(Dataset excerpts)
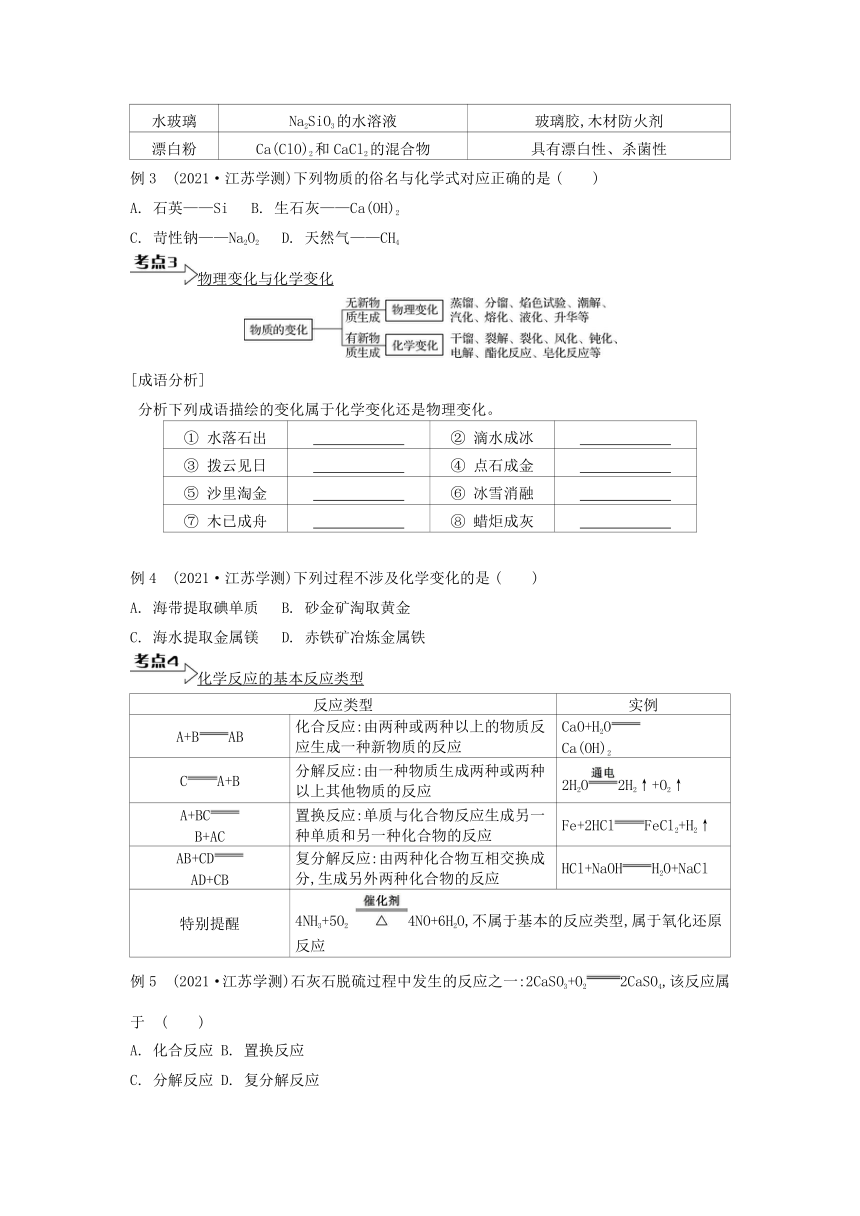 2023年江苏合格考考点各个击破 课时1　物质的分类、胶体、物质的变化、四种基本反应类型（含答案）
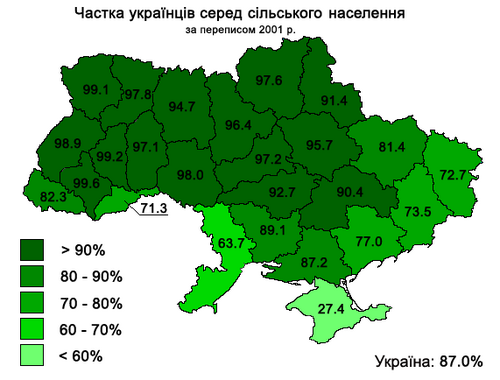 500px-UkrnsRural2001.PNG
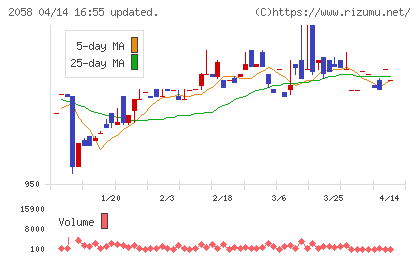 ヒガシマルチャート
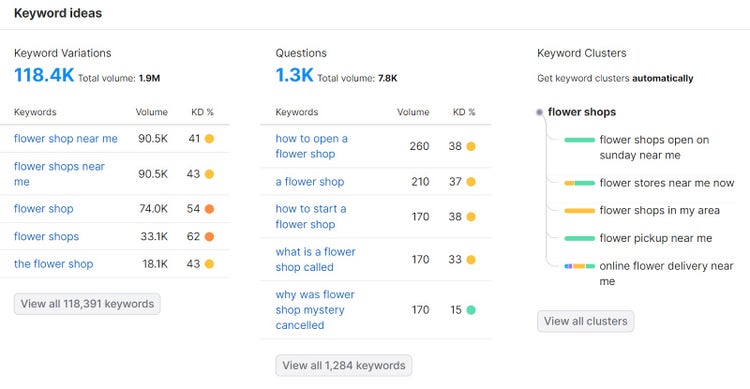 Keyword ideas dashboard in Semrush’s Keyword Overview tool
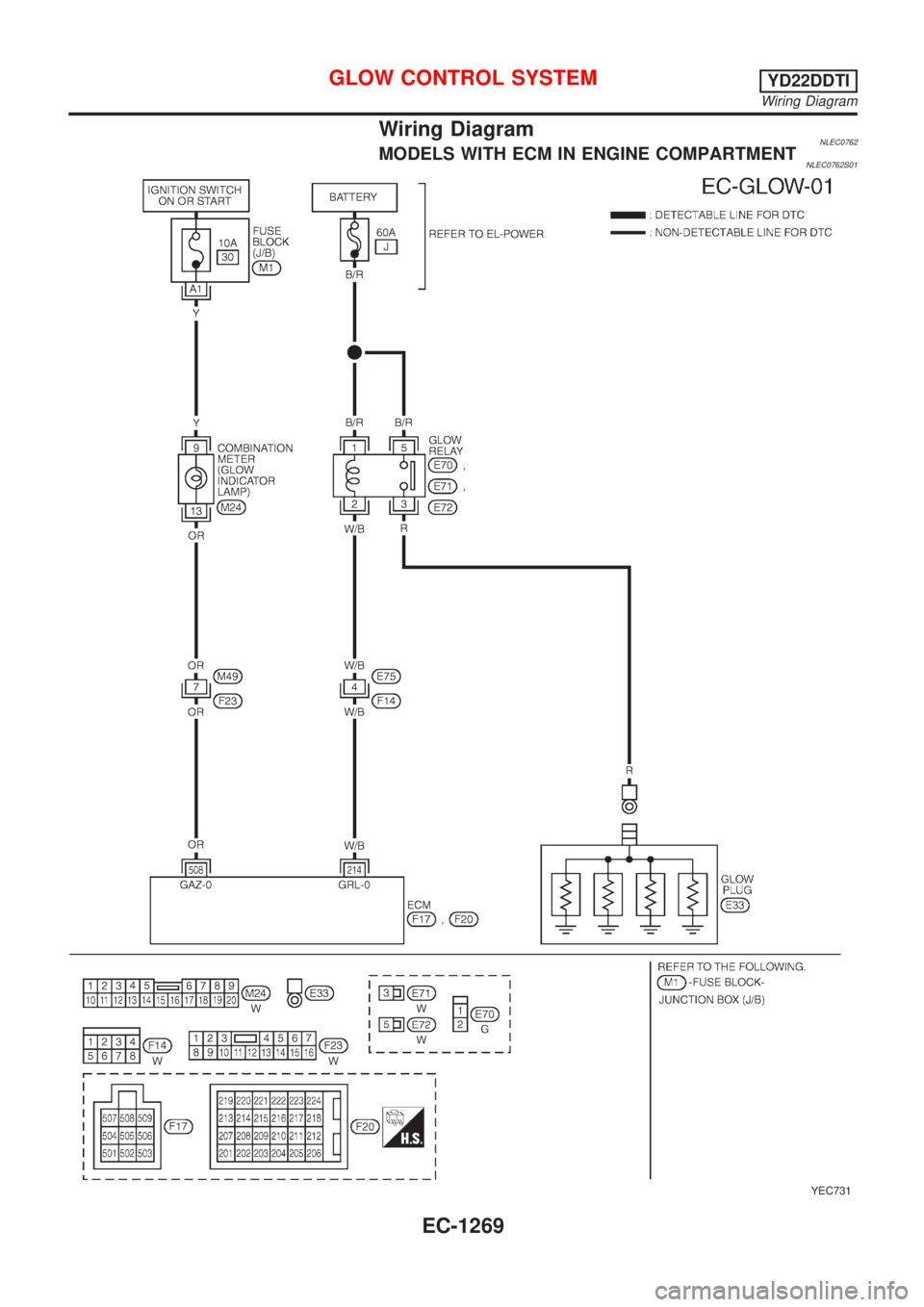 NISSAN ALMERA TINO 2001  Service Repair Manual Wiring DiagramNLEC0762MODELS WITH ECM IN ENGINE COMPARTMENTNLEC0762S01
YEC731
GLOW CONTROL SYSTEMYD22DDTI
Wiring Diagram
EC-1269 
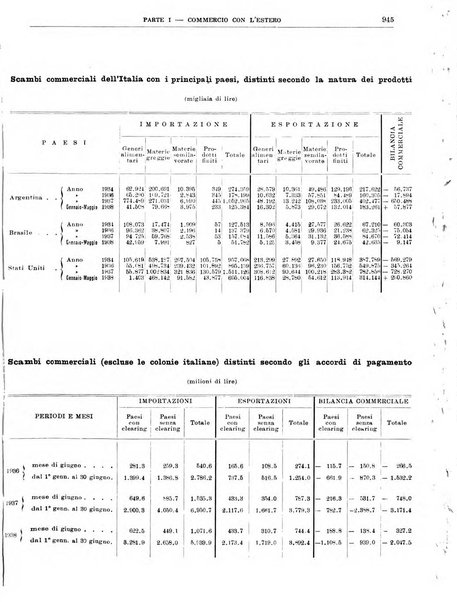 Bollettino di notizie economiche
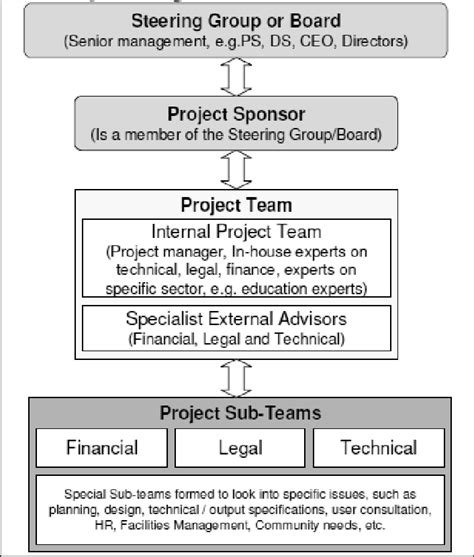 Possible Project Management Structure for Public Sector Project Team ...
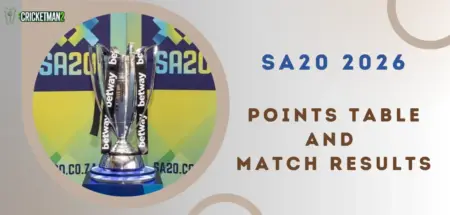 SA20 2026: Points Table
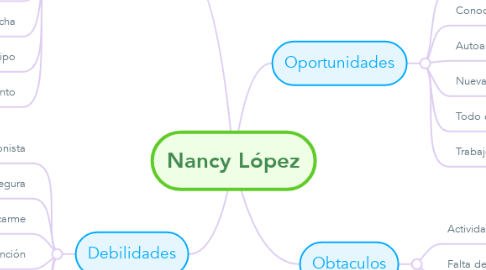 Mind Map: Nancy López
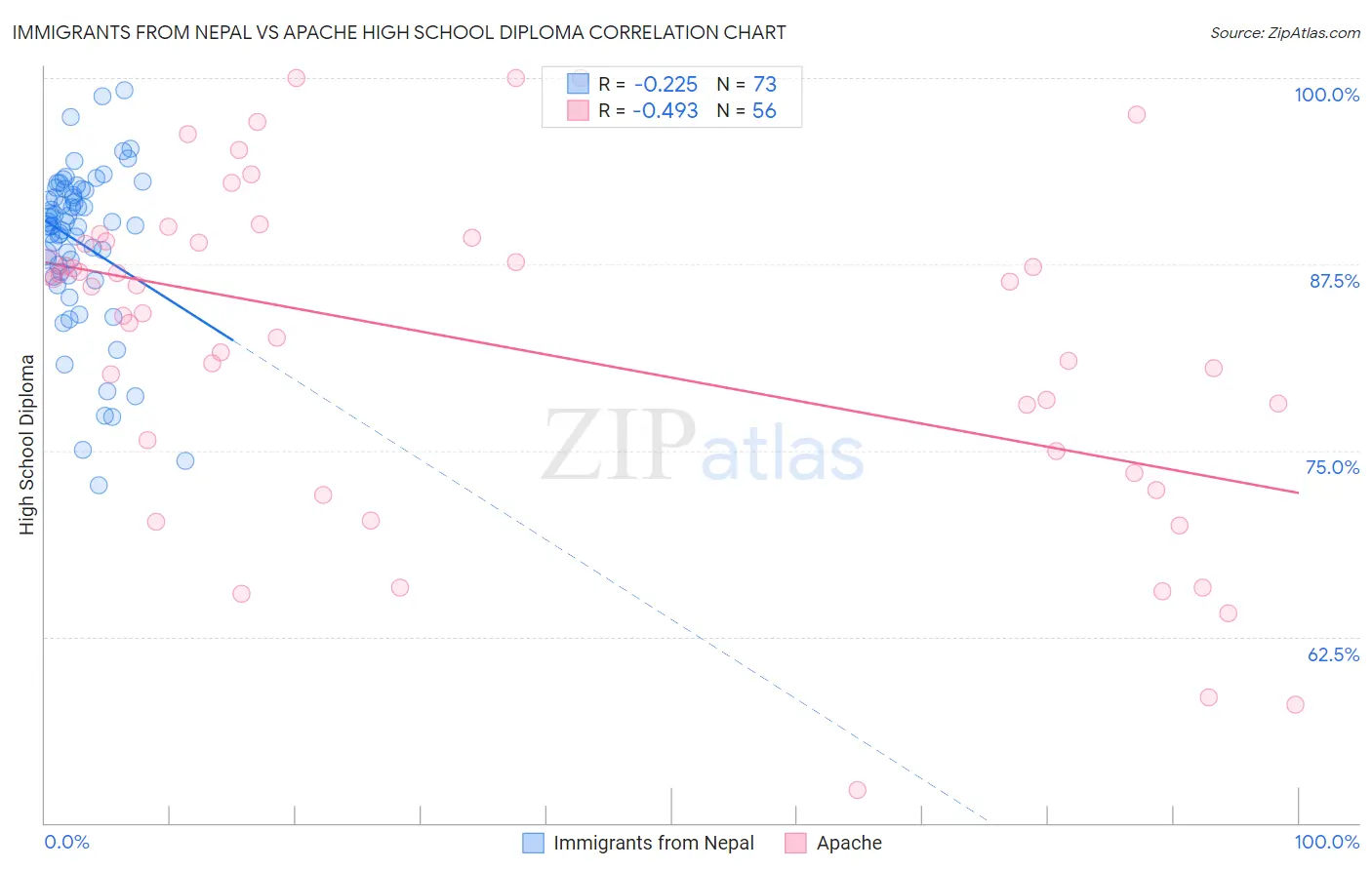 Immigrants from Nepal vs Apache High School Diploma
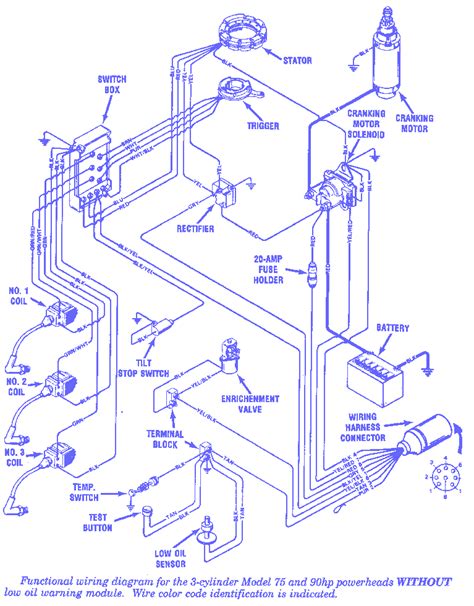 Mercury Sport Jet 175 Wiring Diagram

### Task directions
Your reply should be the entries copied exactly, with all images omitted.

### Written answer
 2023年江苏合格考考点各个击破 课时1　物质的分类、胶体、物质的变化、四种基本反应类型（含答案）
 500px-UkrnsRural2001.PNG
 ヒガシマルチャート
 Keyword ideas dashboard in Semrush’s Keyword Overview tool
 NISSAN ALMERA TINO 2001  Service Repair Manual Wiring DiagramNLEC0762MODELS WITH ECM IN ENGINE COMPARTMENTNLEC0762S01
YEC731
GLOW CONTROL SYSTEMYD22DDTI
Wiring Diagram
EC-1269 
 Bollettino di notizie economiche
 Possible Project Management Structure for Public Sector Project Team ...
 SA20 2026: Points Table
 Mind Map: Nancy López
 Immigrants from Nepal vs Apache High School Diploma
 Mercury Sport Jet 175 Wiring Diagram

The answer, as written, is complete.